(Records drawn from a dataset)
--- START ---

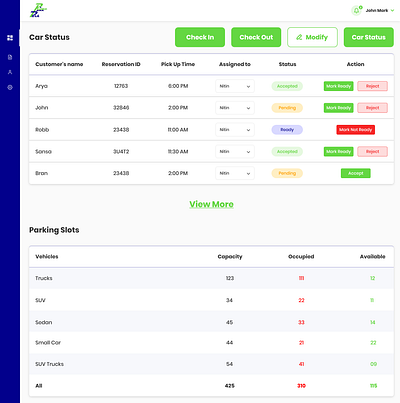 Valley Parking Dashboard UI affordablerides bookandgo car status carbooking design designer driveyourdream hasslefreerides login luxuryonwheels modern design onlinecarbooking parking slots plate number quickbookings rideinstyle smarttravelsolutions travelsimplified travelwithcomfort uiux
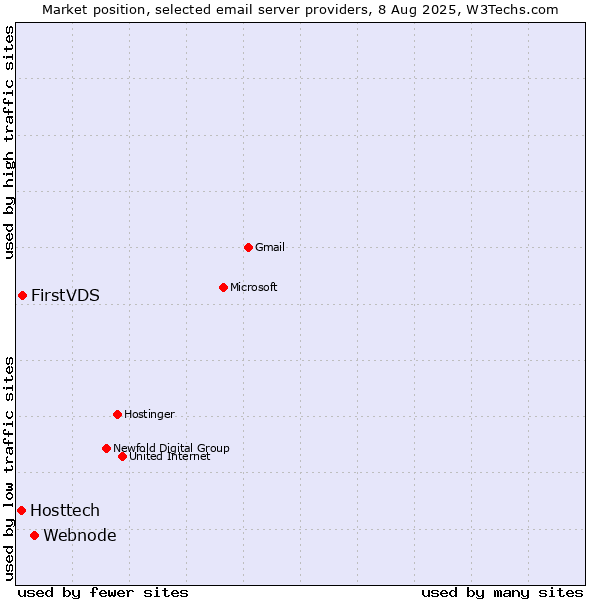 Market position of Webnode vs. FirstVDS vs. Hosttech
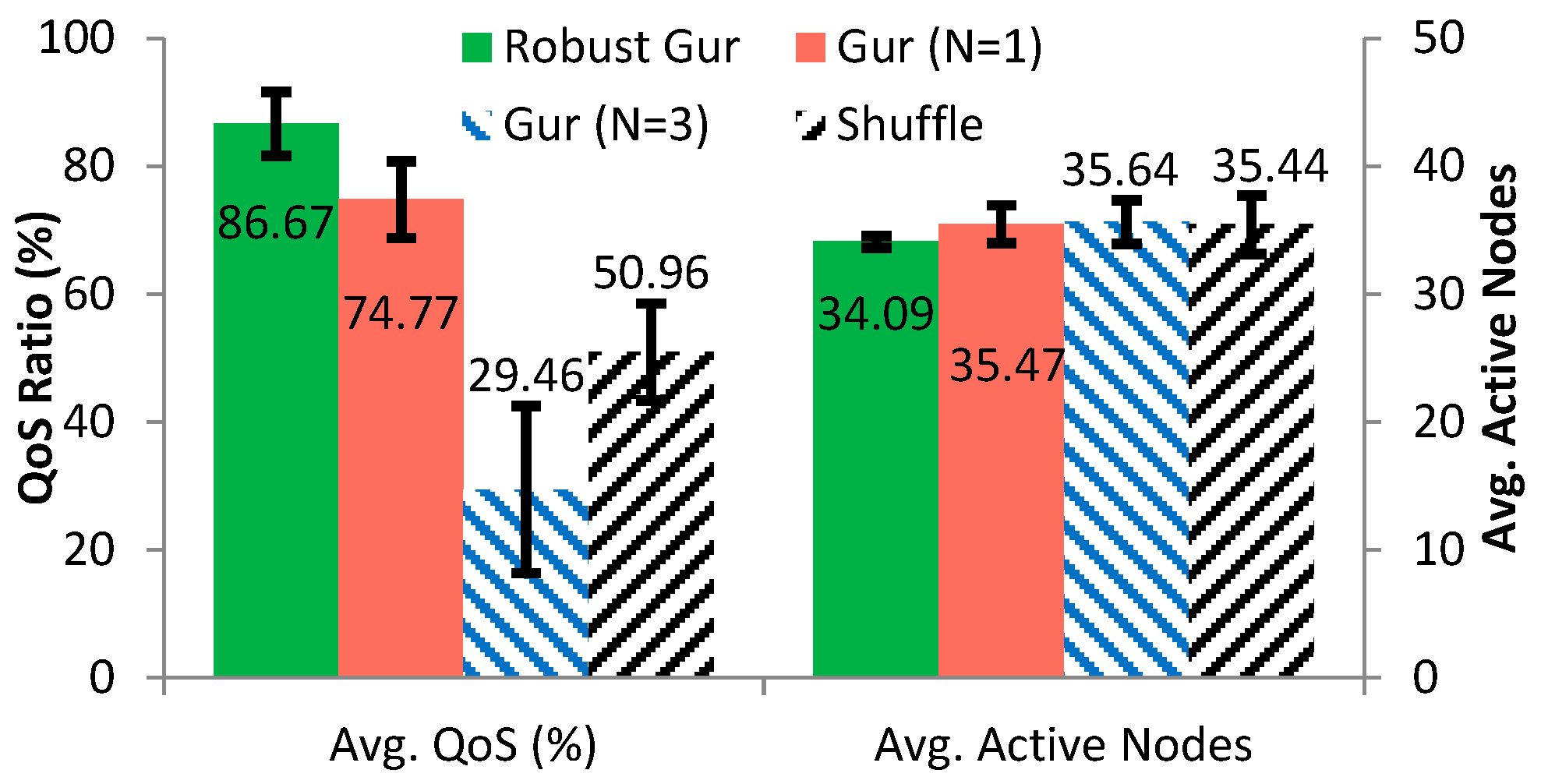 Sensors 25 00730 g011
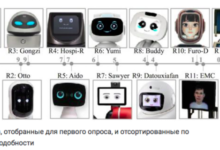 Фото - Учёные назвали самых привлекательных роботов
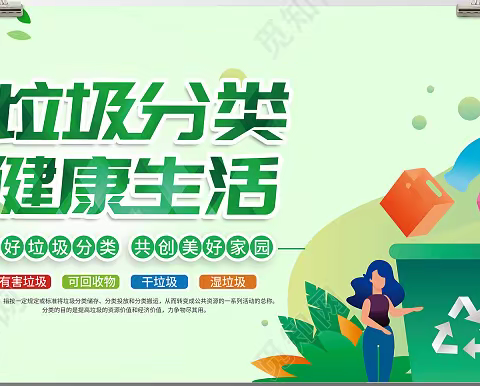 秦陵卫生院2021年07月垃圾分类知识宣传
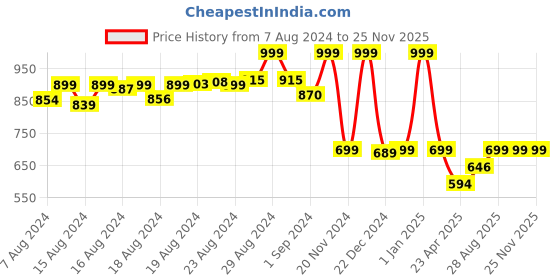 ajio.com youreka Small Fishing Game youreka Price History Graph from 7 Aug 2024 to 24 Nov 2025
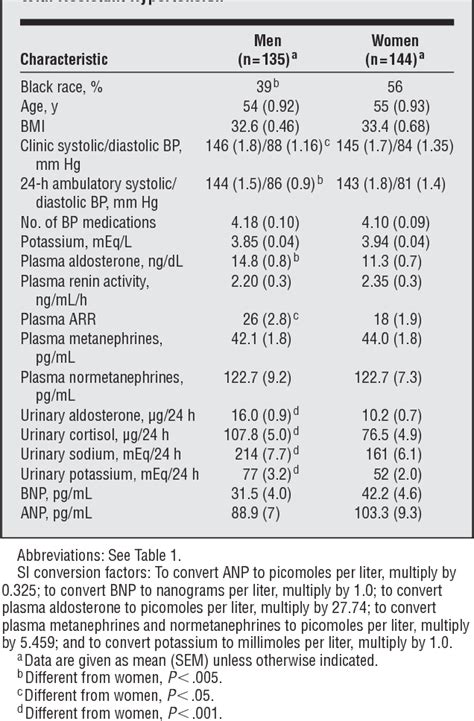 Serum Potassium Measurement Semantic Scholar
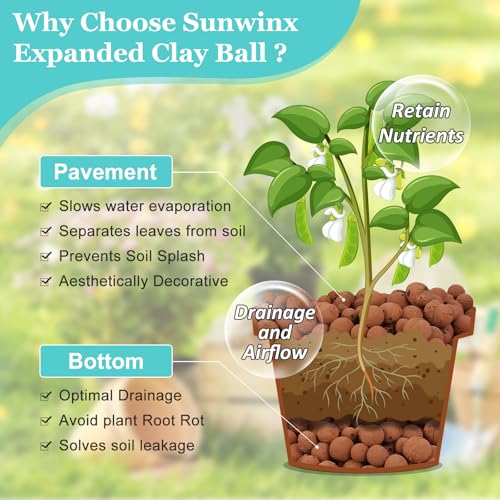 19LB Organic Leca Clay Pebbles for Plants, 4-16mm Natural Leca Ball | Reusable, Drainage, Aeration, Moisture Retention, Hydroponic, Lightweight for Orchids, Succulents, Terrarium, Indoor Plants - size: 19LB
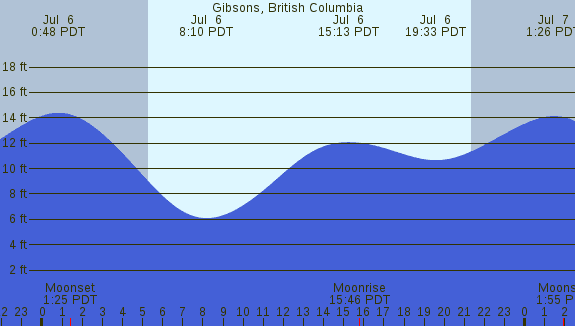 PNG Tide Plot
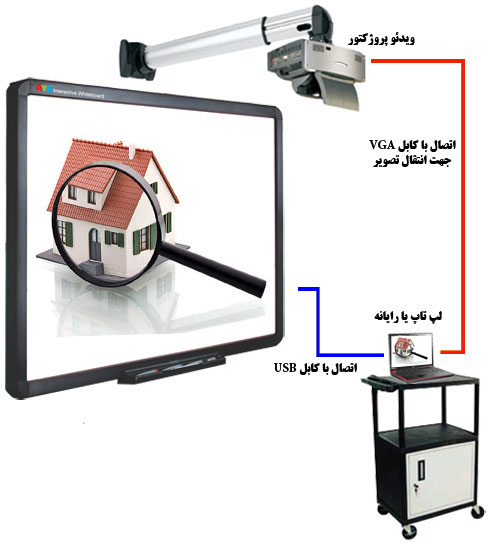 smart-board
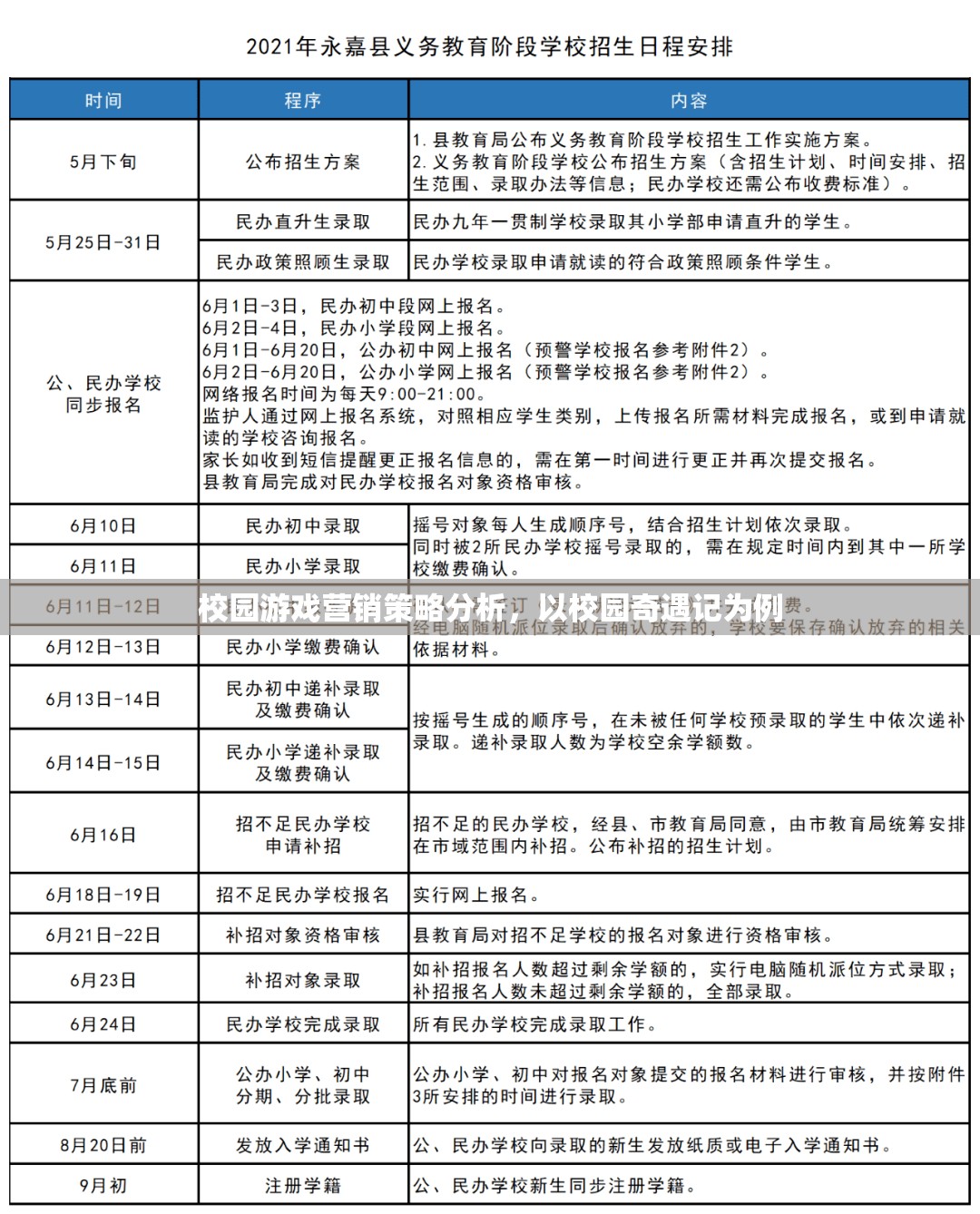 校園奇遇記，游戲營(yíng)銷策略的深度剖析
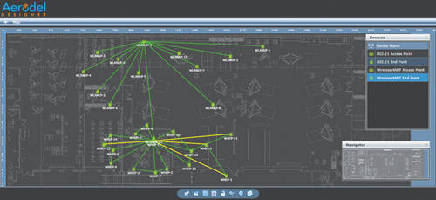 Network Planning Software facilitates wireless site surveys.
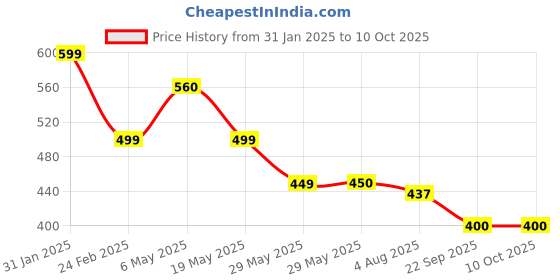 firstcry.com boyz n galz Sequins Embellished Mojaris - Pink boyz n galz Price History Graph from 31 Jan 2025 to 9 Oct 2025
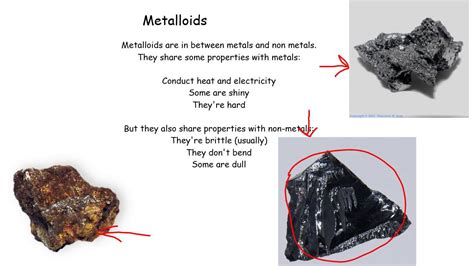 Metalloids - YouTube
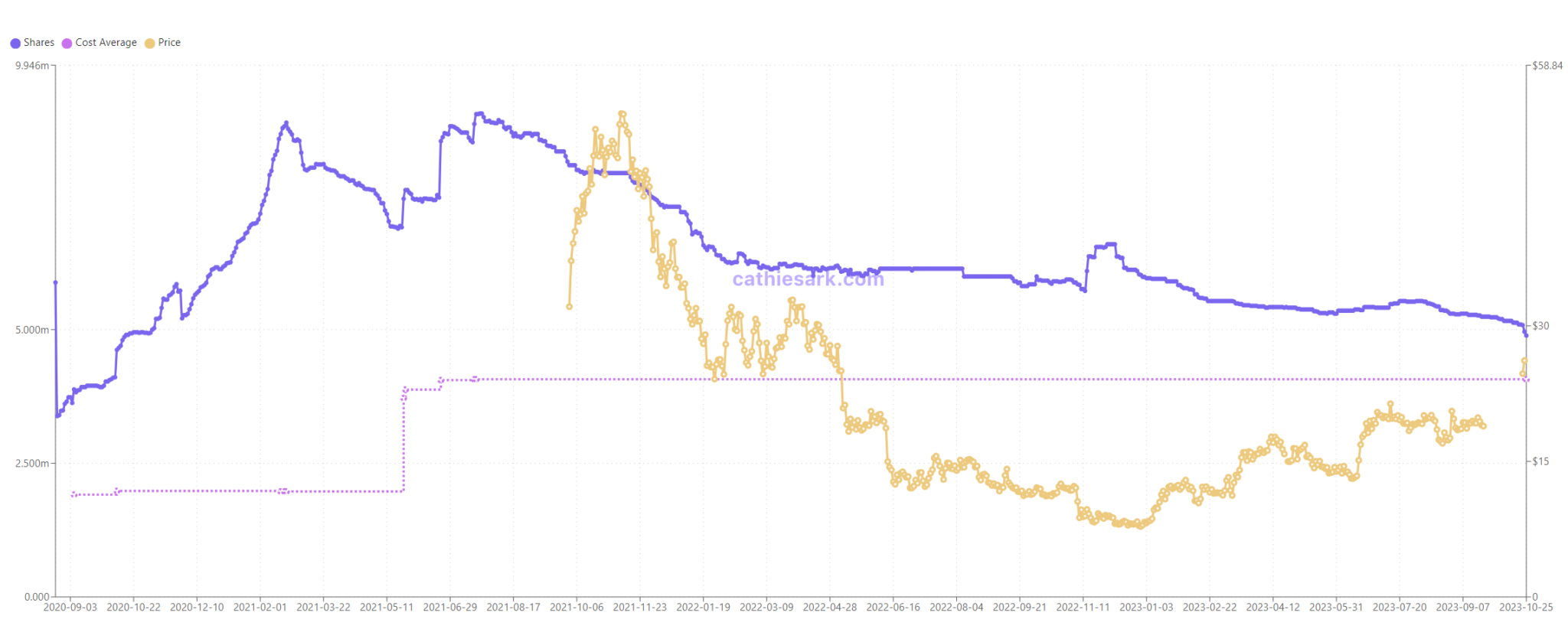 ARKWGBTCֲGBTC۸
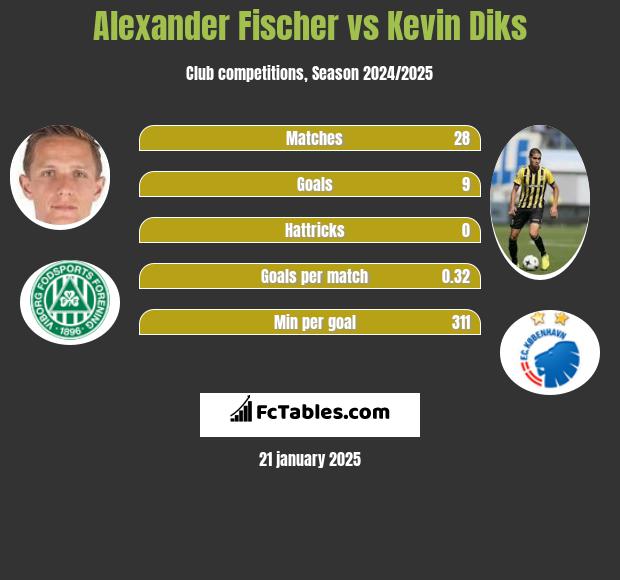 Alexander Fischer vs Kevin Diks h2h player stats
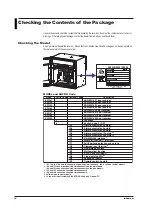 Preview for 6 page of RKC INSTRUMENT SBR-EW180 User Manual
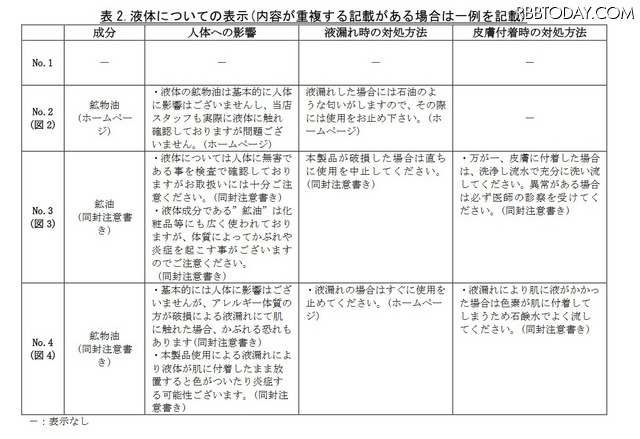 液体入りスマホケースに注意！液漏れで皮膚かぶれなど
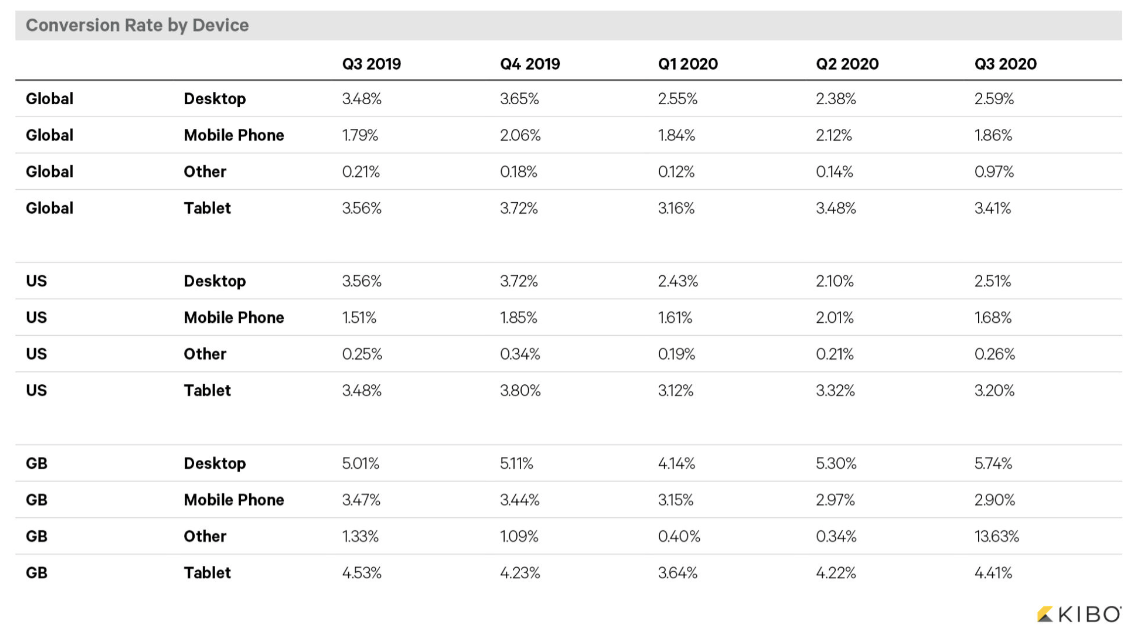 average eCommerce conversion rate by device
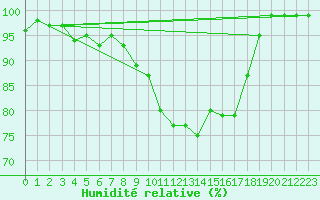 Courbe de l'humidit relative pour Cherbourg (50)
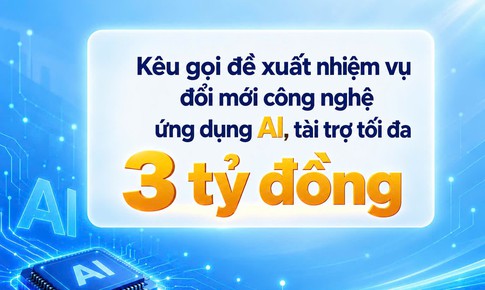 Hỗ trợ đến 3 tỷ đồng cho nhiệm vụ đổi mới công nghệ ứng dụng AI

--- END ---

When you reach the line containing "PNG Tide Plot" in the records above, write out that line and every line after it through the end, exactly, but omit the pictures.

 PNG Tide Plot
 smart-board
 校園奇遇記，游戲營(yíng)銷策略的深度剖析
 Network Planning Software facilitates wireless site surveys.
 firstcry.com boyz n galz Sequins Embellished Mojaris - Pink boyz n galz Price History Graph from 31 Jan 2025 to 9 Oct 2025
 Metalloids - YouTube
 ARKWGBTCֲGBTC۸
 Alexander Fischer vs Kevin Diks h2h player stats
 Preview for 6 page of RKC INSTRUMENT SBR-EW180 User Manual
 液体入りスマホケースに注意！液漏れで皮膚かぶれなど
 average eCommerce conversion rate by device
 Courbe de l'humidit relative pour Cherbourg (50)
 Hỗ trợ đến 3 tỷ đồng cho nhiệm vụ đổi mới công nghệ ứng dụng AI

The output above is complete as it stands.